As a new era in crewed space exploration approaches, with long-duration missions to the Moon and Mars for the coming decades, scientists are investigating how space could negatively impact astronauts’ immune systems.
In particular, a team from the Karolinska Institute in Sweden investigated how the microgravity experienced by space travelers might affect T cells. T cells are a type of white blood cell called lymphocyte that are crucial in fighting disease.
The team’s findings may help explain why any change in space in astronauts’ T cells persists on Earth. Such long-term changes can cause T cells to become less active and less effective at fighting infection, leaving astronauts vulnerable to the reappearance of latent viruses.
This will likely be something space agencies will want to know when they start sending humans to non-Earth locations. For example, NASA is currently looking into a future that includes Moon and even Martian rovers. The Artemis 3 mission, which includes the first woman and black human, is expected to send a crew to the moon in 2025. Future efforts could bring humans to the Martian surface by the early 2030s, according to the agency.

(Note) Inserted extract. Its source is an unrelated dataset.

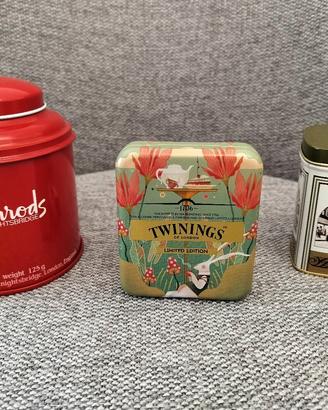 Contenitori Harrods e Twinings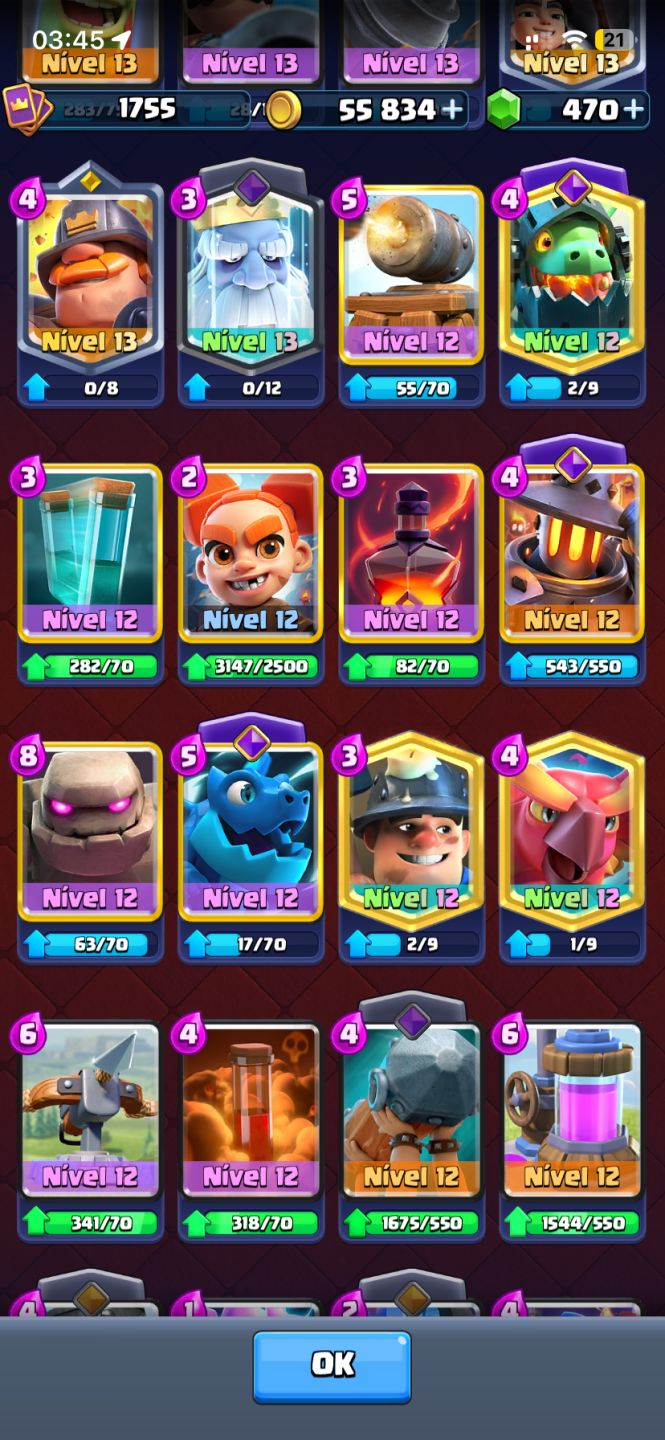 Conta Clash Royale + Clash of Clans | 10 Anos | 16 Evoluções | Rei 16 | CV13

“If astronauts want to perform safe space missions, we need to understand how this affects their immune systems and try to find ways to counteract harmful changes,” said Lisa Westerberg, lead author of the study and chief scientist at the Karolinska Institutet Division. . Microbiology, tumor and cell biology were specified in the statement. “We were now able to investigate what happens to T cells, a key component of the immune system, when they are exposed to weightless conditions.”
Instead of conducting their experiments in space, Westerberg and his team brought some space to Earth. They used a custom-made waterbed that made the body think it was weightless; this technique was called “dry immersion”.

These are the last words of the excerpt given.